Omicron, Cheugy Chipotle, Dalgona, Dogecoin, Billie Eilish, Ethereum and Yassify among most mispronounced words

Virtually everyone is having trouble pronouncing Omicron. But the new coronavirus variant is not alone.

The word “cheugy” might be popular with kids but it’s not so easy to say. And Grammy Award-winning singer-songwriter Billie Eilish and NFL player Jason Kelce have something in common — broadcasters butcher their names.

All four made it onto this year’s list of most mispronounced words as compiled by the US Captioning Company, which captions and subtitles real-time events on TV and in courtrooms.

Billie Eilish’s album Happier Than Ever was released this year to critical acclaim. (Getty Images for Variety)

The list released Tuesday identifies the words that proved most challenging for US newsreaders and people on television to pronounce this year.

The caption company said it surveyed its members to generate the list, which is now in its sixth year and was commissioned by Babbel, a language-learning platform with headquarters in Berlin and New York.

“Newscasters in the US have struggled with 2021’s new words and names while reporting on key sporting events, viral internet trends and emerging celebrities,” said Esteban Touma, a standup comedian and teacher for Babbel Live.

“As a language teacher, it’s always interesting to see that some of these terms are usually new colloquialisms, or are rooted or borrowed from another language.

“As a non-native speaker, I must confess it’s fun to see English speakers stumbling a bit for a change.”

Here’s how the comedian breaks down the proper pronunciations for the most commonly misspoken words:

Cheugy (CHOO-gee): A trendy term popularised by Gen Z and used to mock an outdated and unfashionable aesthetic typically associated with millennials, such as “Live, Laugh, Love” signs.

Chipotle (chih-POHT-lay): The American fast food chain became the centre of a viral trend this year challenging Baby Boomers to pronounce the name.

Dalgona (tal-goh-NAH): A Korean treat made with melted sugar and baking soda, popularised in Netflix’s Squid Game. (Mr Touma notes that some speakers seem to produce a “K” instead of the “G” in the middle syllable.)

Dogecoin (DOHJ-coin): A divisive cryptocurrency that began somewhat ironically before being popularised by Elon Musk, causing its value to dramatically increase.

Eilish (EYE-lish): The singer Billie Eilish, whose album Happier Than Ever was released this year to critical acclaim and nominated for the Grammy Awards’ Album of the Year.
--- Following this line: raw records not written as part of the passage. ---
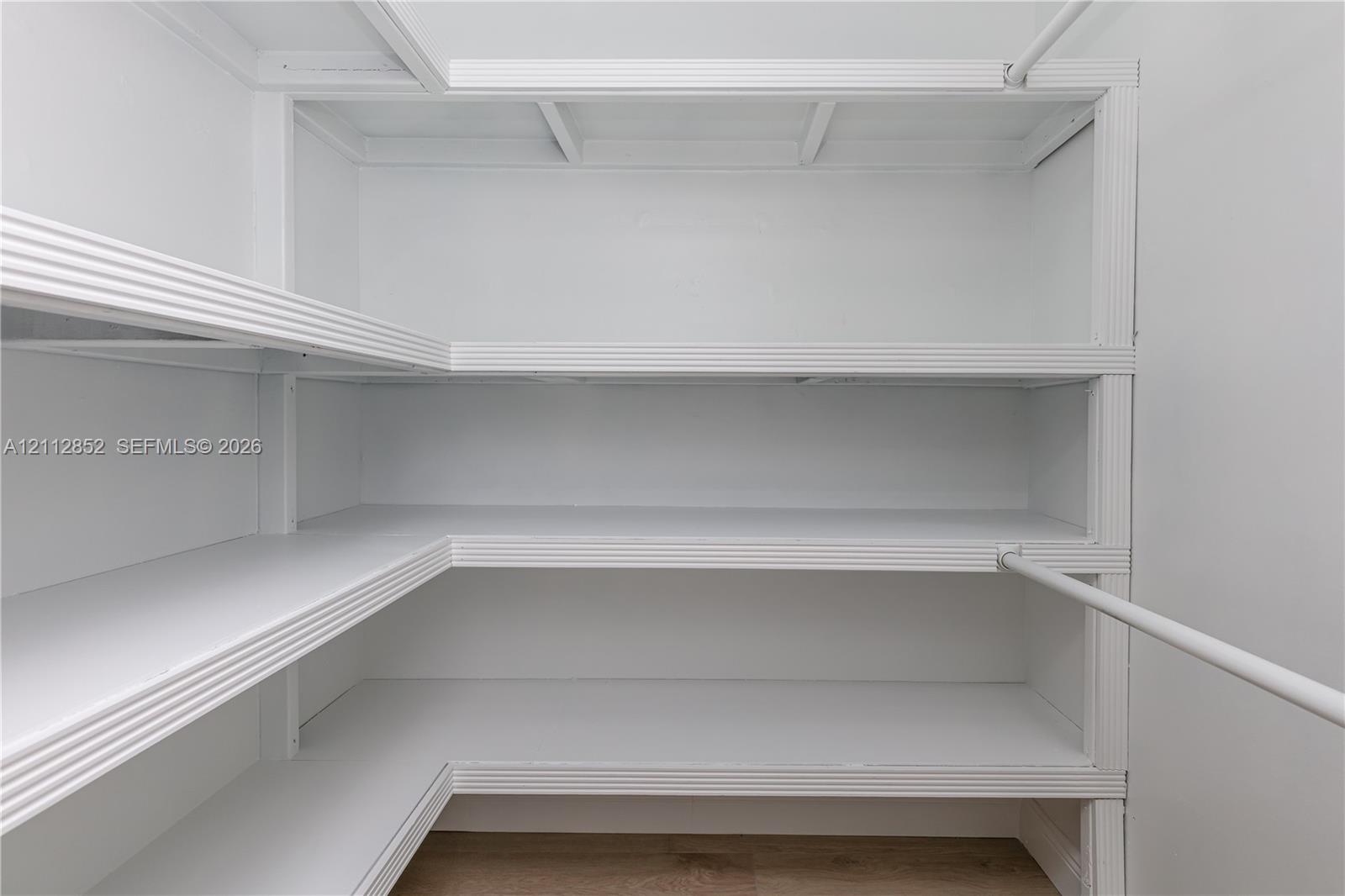Built-in wrap-around shelving with tiered levels and integrated hanging rods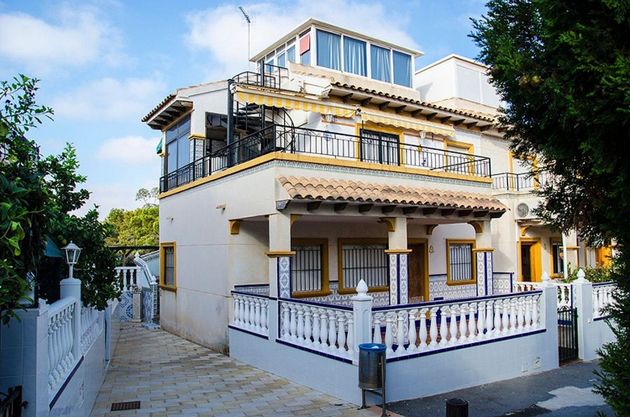 Foto 2 de Casa adosada en venta en Playa Flamenca - Punta Prima de 2 habitaciones con terraza y piscina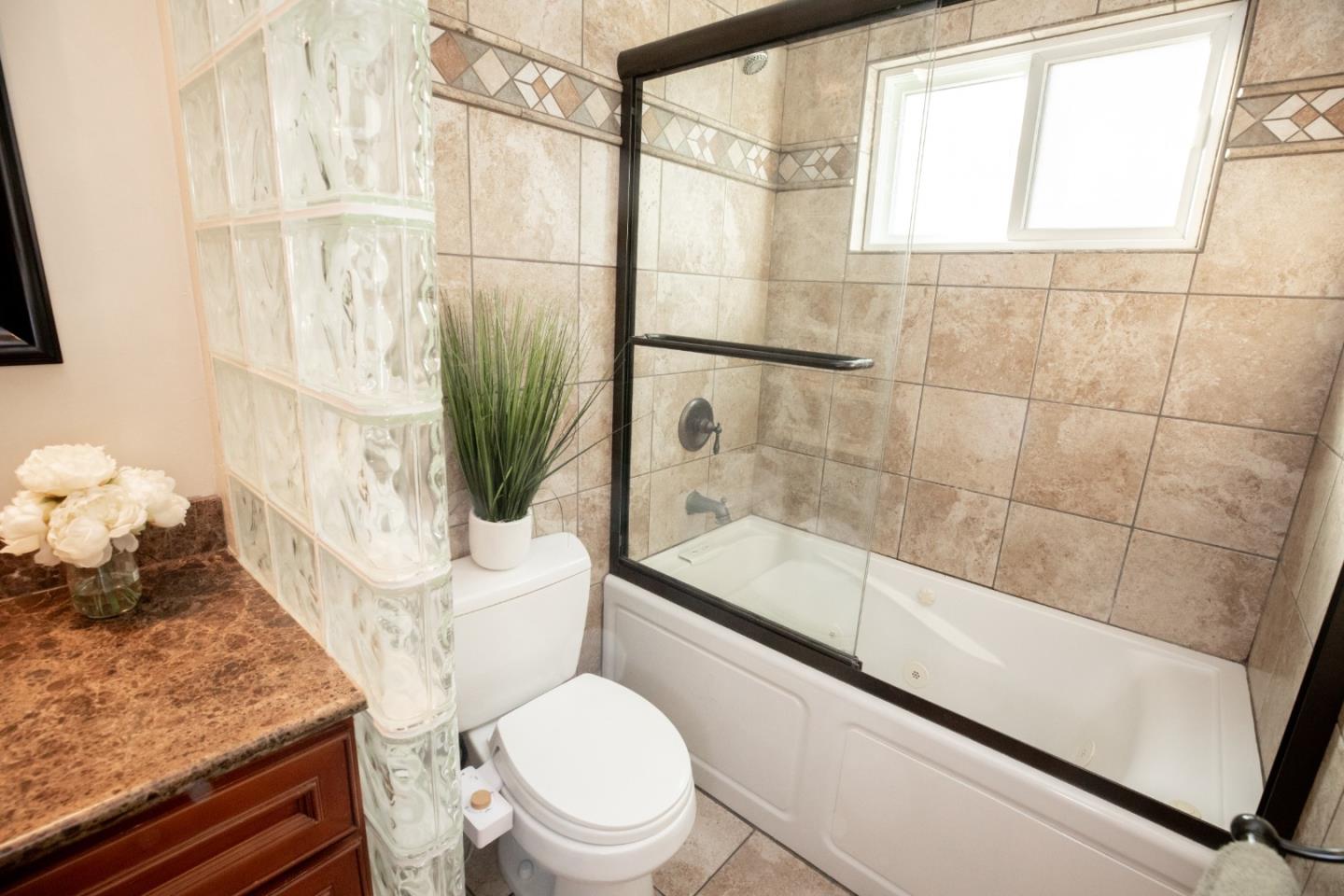 1163 Crespi Drive Sunnyvale, CA 94086 - Photo 29 of 49 a bathroom with a sink a toilet and shower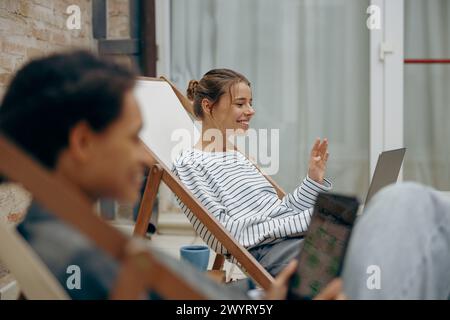 Young female freelancers sitting in coworking terrace while working on digital tablet and laptop Stock Photo
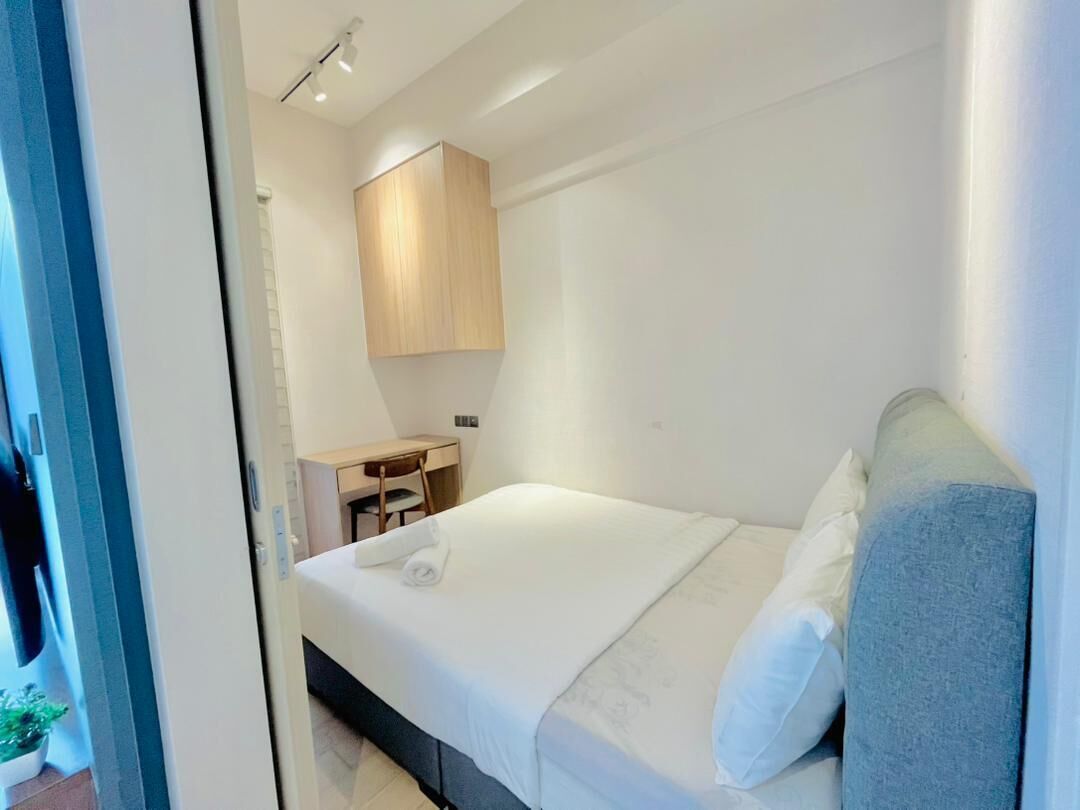Una habitación de hotel con cama, escritorio, silla y armario.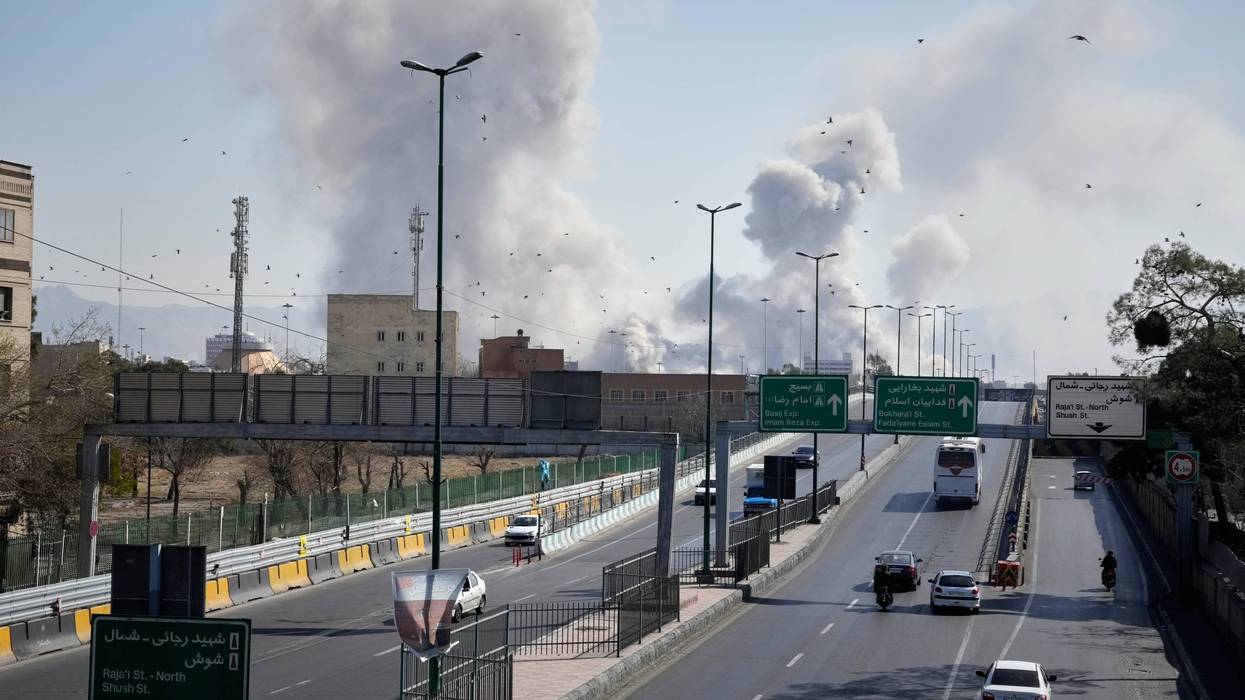 Plumes of smoke rise as strikes hit the city during the U.S.–Israeli military campaign in Tehran, Iran, Thursday, March 5, 2026.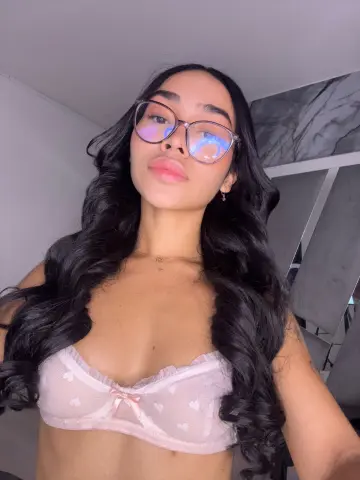 Young woman with long wavy hair wearing glasses and a pink lace bralette in a modern indoor setting.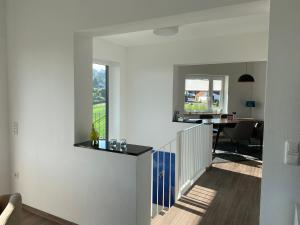 a living room with a staircase and a dining room at Ferienhaus Eckeweg 1 in Waldeck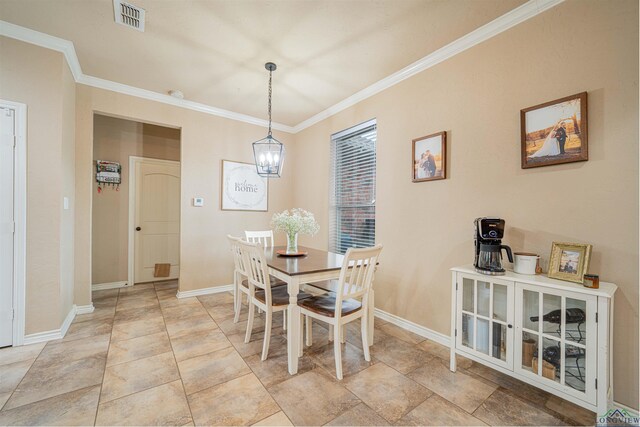 dining room with an inviting chandelier and ornamental molding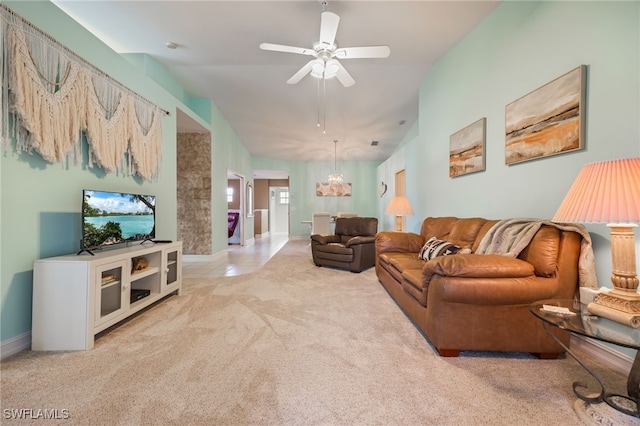 15041 Lakeside View Dr Unit 2104, Fort Myers, FL 33919 - carpeted living room with ceiling fan, healthy amount of natural light, and vaulted ceiling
Ethereum (ih-THEE-ree-um): Another cryptocurrency that skyrocketed in value this year amid the decentralised-currency boom.

Was it the Ever Given or the Evergreen? (AP)

Ever Given (EV-er GIV-en): The name of the ship that blocked the Suez Canal in March, costing billions of dollars in lost trade. Many newscasters mistook the name of the ship as “Evergreen,” the name of the company that owns the vessel, which was printed on its hull.

Glasgow (GLAHZ-go): The host city of November’s United Nations Climate Conference was mispronounced by both President Joe Biden and former president Barack Obama.

Kelce (KELs): The Philadelphia Eagles centre Jason Kelce revealed on radio this year that his teammates and the media had been mispronouncing his name for years.

Omicron (AH-muh-kraan / OH-mee-kraan): A new variant of the coronavirus first identified in November, named in keeping with the World Health Organisation’s system of identifying variants with Greek letters. (Mr Touma notes it’s pronounced differently in the US and the UK)

Shein (SHEE-in): The Chinese fast fashion company at the centre of the “Shein haul” trend, in which participants record themselves trying on numerous different outfits from the company.

Stefanos Tsitsipas (STEH-fuh-nohs TSEE-tsee-pas): Currently ranked as the world’s No. 4 tennis player, the Greek athlete rose to international prominence when he lost to Novak Djokovic in the final of the French Open in June.

Yassify (YEAH-sih-fai): A popular trend in which multiple beauty filters are applied to well-known pictures or portraits for comic effect.